Dari penjelasan di atas, dapat terlihat bahwa dalam dinamika politik internasional, negara yang kuat masih memegang peranan penting untuk “menahkodai” dunia seperti halnya yang dijelaskan kaum realis. Contohnya adalah sikap Amerika terhadap beberapa negara di Timur Tengah seperti Irak, Iran, dan Palestina. Namun liberalis menjawabnya, bahwa kegagalan Perang Irak diakibatkan oleh kekuasaan negara yang terlalu penuh. Seperti yang dikatakan oleh Michael R. Gordon bahwa kegagalan AS pada perang Irak karena negara tidak mempertimbangkan persoalan nation building yang begitu sangat membutuhkan peran aktor non negara didalamnya. Seperti halnya antar manusia yang nantinya akan membentuk nilai-nilai kebaikan bersama dalam menentukan masa depan Irak.

Referensi :
• Dobbins, James., “Iraq: Winning the Unwinnable War”, Foreign Affairs, vol. 84, no. 1, 2005, pp. 16-25.
• Gordon, M.R and TainerG.B.E., “The Cobra II, The Inside Story of The Invasion and Occupation of Irak”, 2006.
• Mubah, A.Safril, “Menguak Ulah Neokons”, Pustaka Pelajar, Yogyakarta, 2007.
• Smith, Steve, “The End of The Unipolar Moment? September 11 and the Future of World Order”, International Relations Journal, SAGE Publications, vol. 16, pp. 171-183, London, 2002.

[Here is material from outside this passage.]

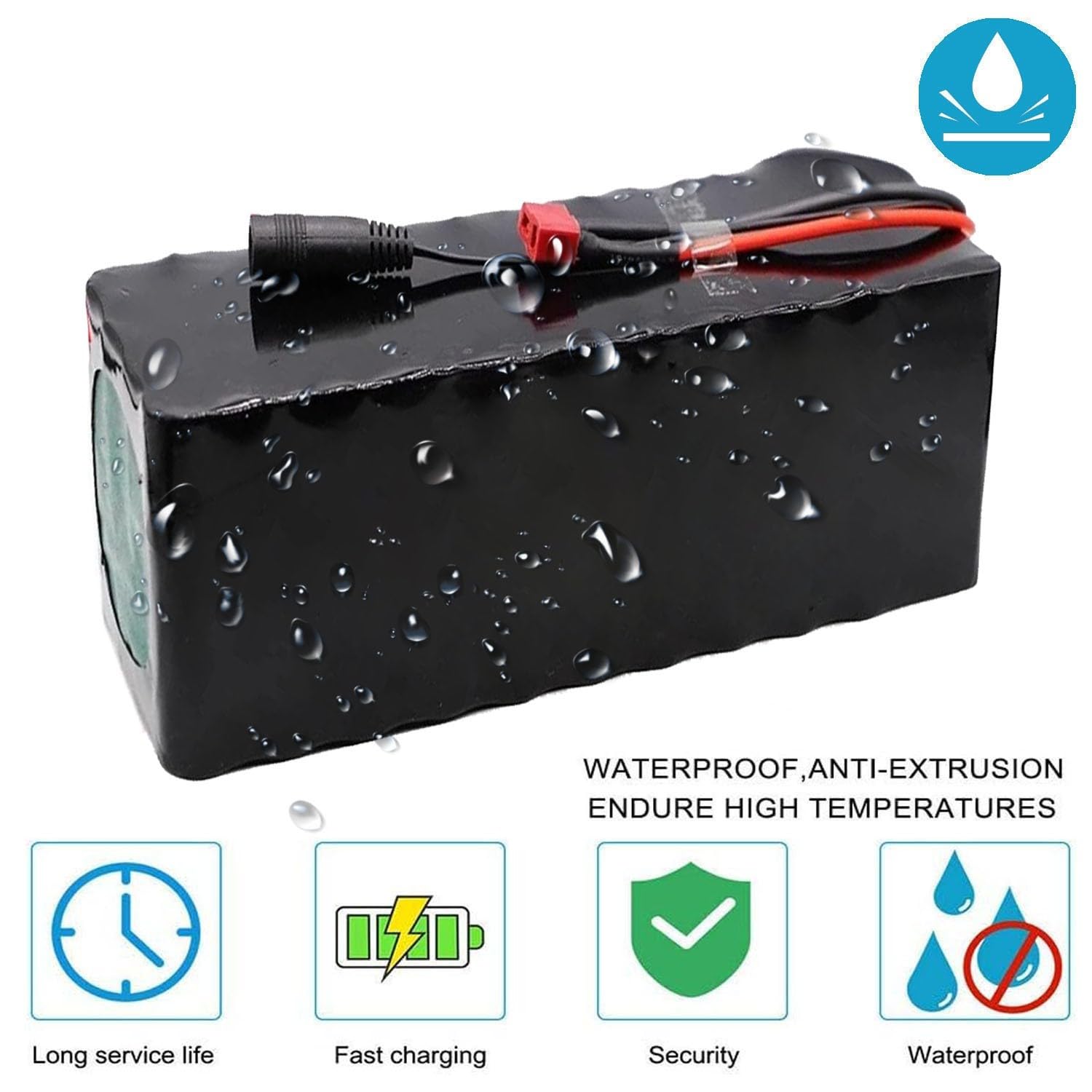 Batería For Bicicleta Eléctrica De 24 V, 50 Ah, For 6S4P Con Tablero Protección BMS Cargador For Motor Scooter Eléctrico 100 W - 500 XT60,24V(T)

• Artikel dari Rizal Sukma, disampaikan pada Seminar “Memaknai Peranan Indonesia Sebagai Anggota Tidak Tetap DK-PBB” Deplu-RI, Jakarta, 30 Januari 2007.
• Artikel dari Makmur Keliat, “Transisi Amerika Serikat Menuju Multilateralisme Offensif”, disampaikan pada seminar di Universitas Airlangga pada tahun 2007.
• Kuliah Tamu John B. Alterman pada tanggal 12 September 2008 di Universitas Airlangga.